William Howard Hay Foundation, Inc. v. Safety Harbor Sanatorium, Inc.

141 F.2d 952 | 5th Cir. | 1944

PER CURIAM.

A reading of the record appellant has submitted with the motion for leave to file a mandamus makes it clear that appellant’s difficulties in obtaining its record arise out of a misapprehension on its part as to the course it should pursue. If it pursues the course clearly provided by Rule 75 of the Rules of Civil Procedure, 28 U.S.C.A. following section 723c, Record on Appeal to a Circuit Court of Appeals, no occasion will arise for resort to the mandamus it now seeks. That course does not require appellant to obtain approval by the court of the statement of the testimony it desires to designate for inclusion in the record on appeal. There was no stenographer, and under Rule 75(c) appellant was required to file with its designation a condensed statement in either question and answer or narrative form of the testimony it desires brought up. This may be all or a part of it, but if only a part is to be brought up, appellant must, under 75(d), serve with its designation a concise statement of the points on which it intends to rely. When the appellant has done this and filed it with the clerk, its responsibility is over and it is the duty of the clerk to transmit to the appellate court under his certificate whatever appellant designates for transmission. If the appellee wishes additional evidence or other matter brought up, it is its duty and not the appellant’s to designate it.

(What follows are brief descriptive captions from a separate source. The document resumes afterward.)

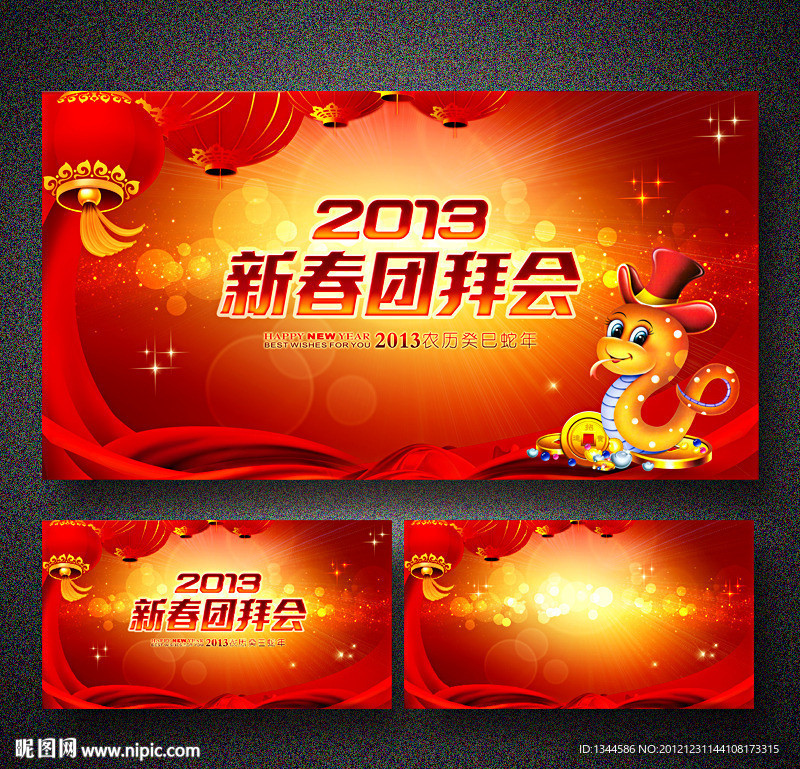 2013蛇年新春团拜会晚会背景布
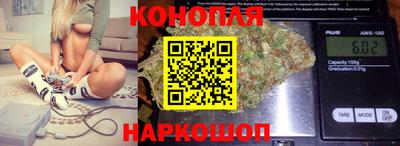 ешки Волжский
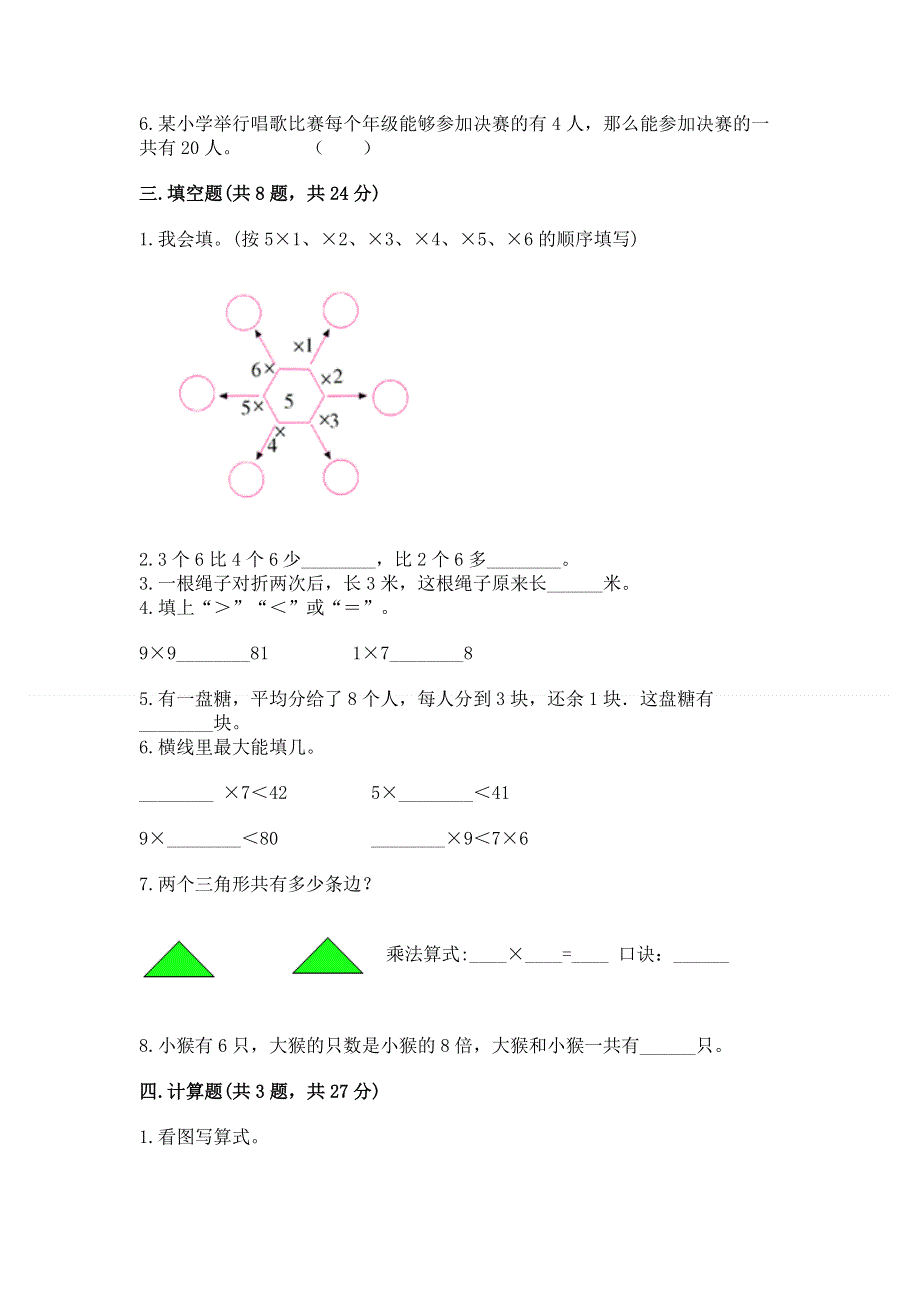 小学二年级数学知识点《1--9的乘法》专项练习题附答案（夺分金卷）.docx_第2页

Under these rules, the appellant has no duty to secure the approval of the district judge to the matter it desires to designate. The district judge has no duty to certify the record. The record is made up from the designations of appellant and appellee, and the district judge has no function in certifying to the correctness of these designations. By Rule 75(h), however, which clearly provides that “It is not necessary for the record on appeal to be approved by the district court”, it is provided that “If any difference arises as to whether the record truly discloses what occurred in the district court, the difference shall be submitted to and settled by that court, and the record made to conform to the truth”. The function, and the only function then, of the district judge in connection with the preparation of the record for appeal to this court is, on complaint of either party that matter designated for the record does not truly reflect what occurred, to correct that matter to make it so reflect. But this does not, as seems to have been supposed here, require or permit the district judge, by declining to certify whether the record is or is not complete, to prevent the appellant from having his designated record sent up without that approval. The district judge’s function and duty is performed when he settles as between the parties any differences that arise, not as to the completeness or fullness of the record but, as to whether any particular matter designated for inclusion in the record does, as far as it goes, truthfully state what occur*953red. In order to enable the judge to do this, it is the duty of the appellee to not merely make • general objections to the record appellant designates but to point out wherein the statement filed by the appellant is incorrect by furnishing in lieu of it the correct statement for which appellee contends. Cf. Middleton v. Hartford, C.C.A. 5, 119 F.2d 721, 724.

Because the rules, enabling the appellant to make its own designation, do not require the certificate of the judge, and do not permit the appellee, by putting up a general caveat, to obstruct the appeal, it is quite plain that by adhering to the rules appellant can obtain all the relief it desires without resorting to mandamus. The leave, therefore, to file the petition is denied.